■ EXERCISE DATA:
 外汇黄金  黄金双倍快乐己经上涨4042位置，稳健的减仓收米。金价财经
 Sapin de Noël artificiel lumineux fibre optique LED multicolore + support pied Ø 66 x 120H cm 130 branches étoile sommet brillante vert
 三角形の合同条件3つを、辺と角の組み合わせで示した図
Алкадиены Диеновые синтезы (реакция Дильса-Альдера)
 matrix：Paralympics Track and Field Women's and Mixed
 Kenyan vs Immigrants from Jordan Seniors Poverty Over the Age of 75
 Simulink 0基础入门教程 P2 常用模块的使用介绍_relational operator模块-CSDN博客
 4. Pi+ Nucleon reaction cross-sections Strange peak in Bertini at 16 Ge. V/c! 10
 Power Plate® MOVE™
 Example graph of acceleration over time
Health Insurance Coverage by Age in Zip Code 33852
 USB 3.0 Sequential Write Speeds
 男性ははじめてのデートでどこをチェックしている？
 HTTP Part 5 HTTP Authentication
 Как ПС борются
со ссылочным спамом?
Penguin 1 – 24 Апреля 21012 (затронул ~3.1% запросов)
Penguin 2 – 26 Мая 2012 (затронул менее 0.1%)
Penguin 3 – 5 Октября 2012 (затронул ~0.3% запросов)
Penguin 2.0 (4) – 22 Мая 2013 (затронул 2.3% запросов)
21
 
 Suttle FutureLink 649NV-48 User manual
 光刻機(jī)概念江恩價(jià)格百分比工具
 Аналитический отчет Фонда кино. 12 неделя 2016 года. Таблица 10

■ EXERCISE AIM: Among the records above, repeat exactly the line with "Kenyan vs Immigrants", the line with "Penguin 3 –", and every line in between, and only those.

■ OUTPUT FOR THIS EXERCISE:
 Kenyan vs Immigrants from Jordan Seniors Poverty Over the Age of 75
 Simulink 0基础入门教程 P2 常用模块的使用介绍_relational operator模块-CSDN博客
 4. Pi+ Nucleon reaction cross-sections Strange peak in Bertini at 16 Ge. V/c! 10
 Power Plate® MOVE™
 Example graph of acceleration over time
Health Insurance Coverage by Age in Zip Code 33852
 USB 3.0 Sequential Write Speeds
 男性ははじめてのデートでどこをチェックしている？
 HTTP Part 5 HTTP Authentication
 Как ПС борются
со ссылочным спамом?
Penguin 1 – 24 Апреля 21012 (затронул ~3.1% запросов)
Penguin 2 – 26 Мая 2012 (затронул менее 0.1%)
Penguin 3 – 5 Октября 2012 (затронул ~0.3% запросов)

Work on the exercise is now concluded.